Then start your environment to get a Python prompt.

.. code-block:: python

>>> from histbook import *
>>> import numpy

and create a canvas to draw `Vega-Lite `__ graphics, if necessary.

.. code-block:: python

>>> from vega import VegaLite as canvas # for ipyvega in Jupyter Notebook
>>> import vegascope; canvas = vegascope.LocalCanvas() # for VegaScope in bare Python
# JupyterLab doesn't need anything

Let's start by histogramming a simple array of data.

.. code-block:: python

>>> array = numpy.random.normal(0, 1, 1000000)
>>> histogram = Hist(bin("data", 10, -5, 5))
>>> histogram.fill(data=array)
>>> histogram.step("data").to(canvas) # for JupyterLab, drop ".to(canvas)"

.. image:: docs/source/intro-1.png

*What just happened here?*

- The first line created a million-element Numpy ``array``.
- The second created a one-dimensional ``histogram``, splitting ``data`` into 10 bins from −5 to 5.
- The third line incremented histogram bins by counting the number of values that lie within each of the 10 subintervals.
- The fourth line projected the hypercube onto steps in the ``data`` axis and passed the Vega-Lite visualization to ``canvas``.

We could also access the data as a table, as a `Pandas DataFrame `__:

.. code-block:: python

>>> histogram.pandas()

.. code-block::

count() err(count())
data
[-inf, -5.0) 0.0 0.000000
[-5.0, -4.0) 33.0 5.744563
[-4.0, -3.0) 1247.0 35.312887
[-3.0, -2.0) 21260.0 145.808093
[-2.0, -1.0) 136067.0 368.872607
[-1.0, 0.0) 341355.0 584.255937
[0.0, 1.0) 341143.0 584.074482
[1.0, 2.0) 136072.0 368.879384
[2.0, 3.0) 21474.0 146.540097
[3.0, 4.0) 1320.0 36.331804
[4.0, 5.0) 29.0 5.385165
[5.0, inf) 0.0 0.000000
{NaN} 0.0 0.000000

including underflow (``[-inf, -5.0)``), overflow (``[5.0, inf)``), and nanflow (``{NaN}``). In the absence of weights, the error in the count is the square root of the count (approximation of `Poisson statistics `__; histbook makes the same statistical assumptions as ROOT).

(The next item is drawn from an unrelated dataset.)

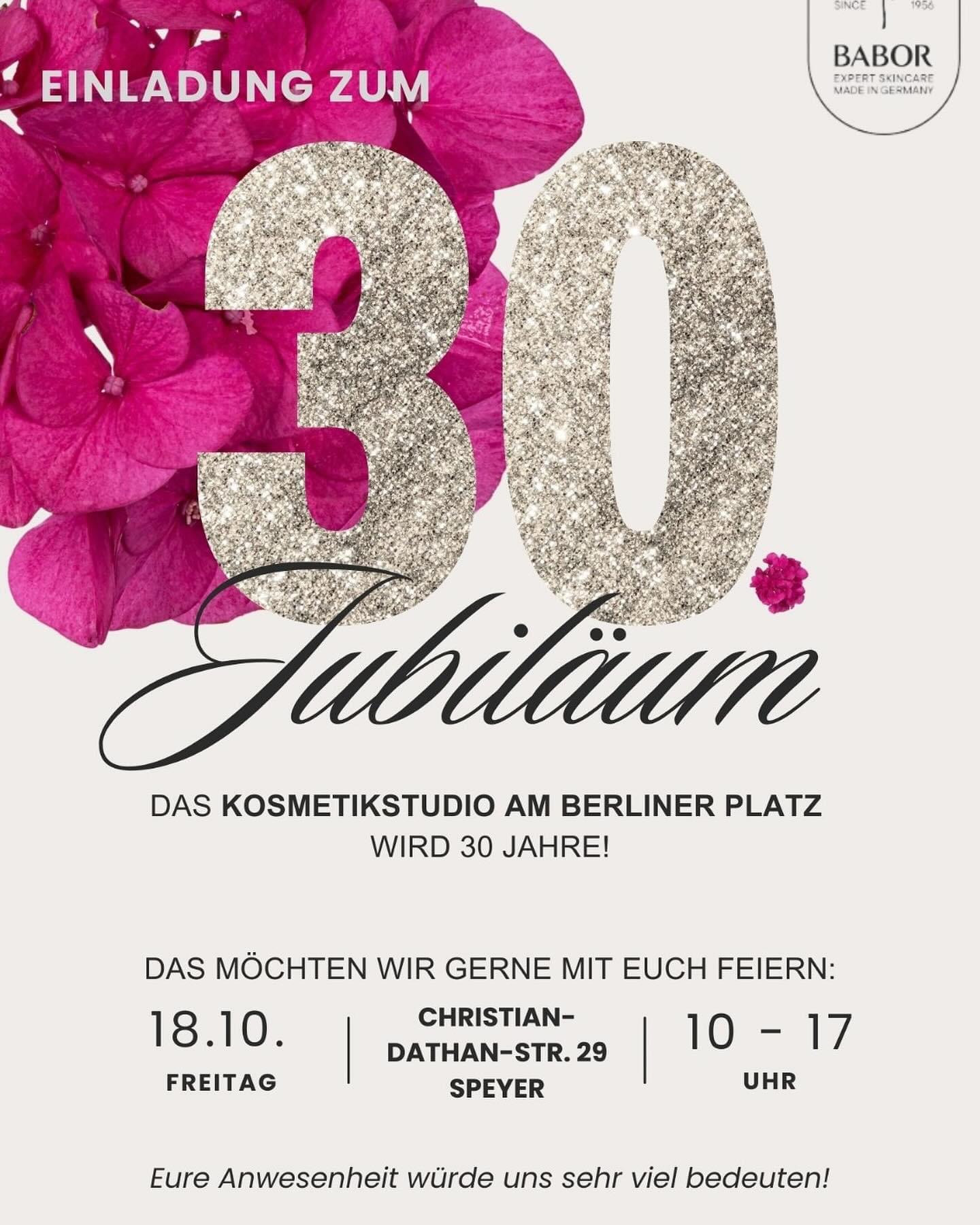 Jubiläum 30 Jahre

This example was deliberately simple. We can extend the binning to two dimensions and use expressions in the axis labels, rather than simple names:

.. code-block:: python

>>> import math
>>> hist = Hist(bin("sqrt(x**2 + y**2)", 5, 0, 1),
... bin("arctan2(y, x)", 3, -math.pi, math.pi))
>>> hist.fill(x=numpy.random.normal(0, 1, 1000000),
... y=numpy.random.normal(0, 1, 1000000))
>>> beside(hist.step("sqrt(y**2 + x**2)"), hist.step("arctan2(y,x)")).to(canvas)

.. image:: docs/source/intro-2.png

Note that I defined the first axis as ``sqrt(x**2 + y**2)`` and then accessed it as ``sqrt(y**2 + x**2)`` (x and y are reversed). The text between quotation marks is not a label that must be matched exactly, it's a symbolic expression that is matched algebraically.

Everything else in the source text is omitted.